Data below:
================================
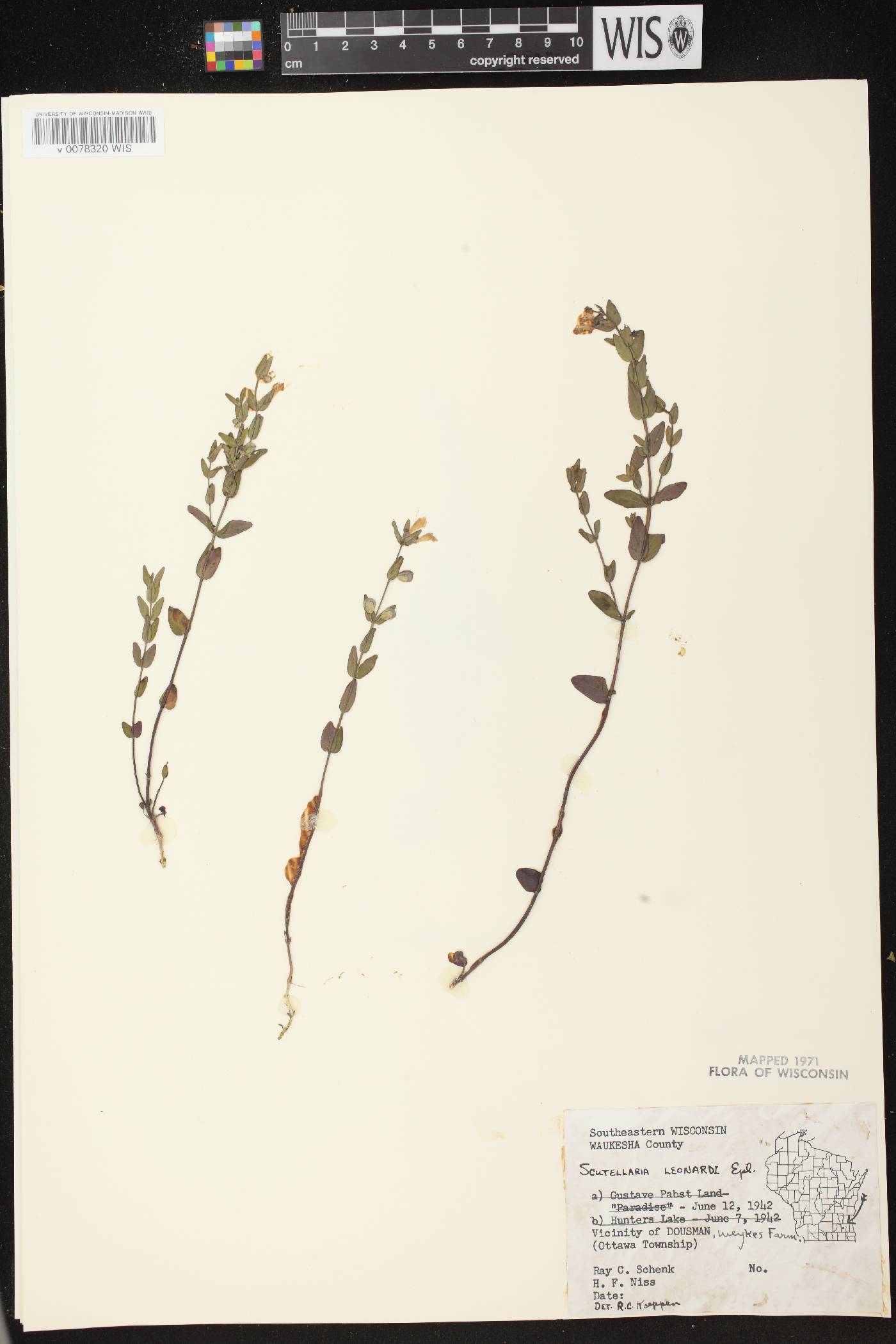 Scutellaria parvula var. missouriensis image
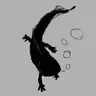 Null Axolotl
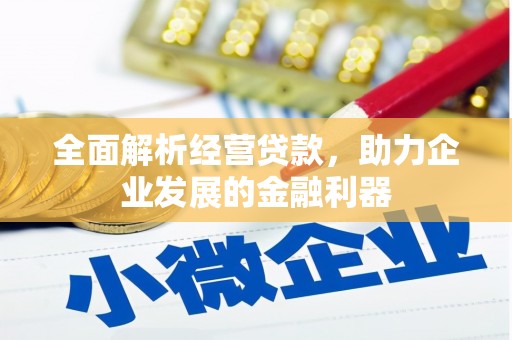 旺苍全面解析经营贷款，助力企业发展的金融利器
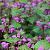 Lamium maculatum Pot 9 cm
================================
Restating the data word for word is the task, and pictures are to be omitted.

 Scutellaria parvula var. missouriensis image
 Null Axolotl
 旺苍全面解析经营贷款，助力企业发展的金融利器
 Lamium maculatum Pot 9 cm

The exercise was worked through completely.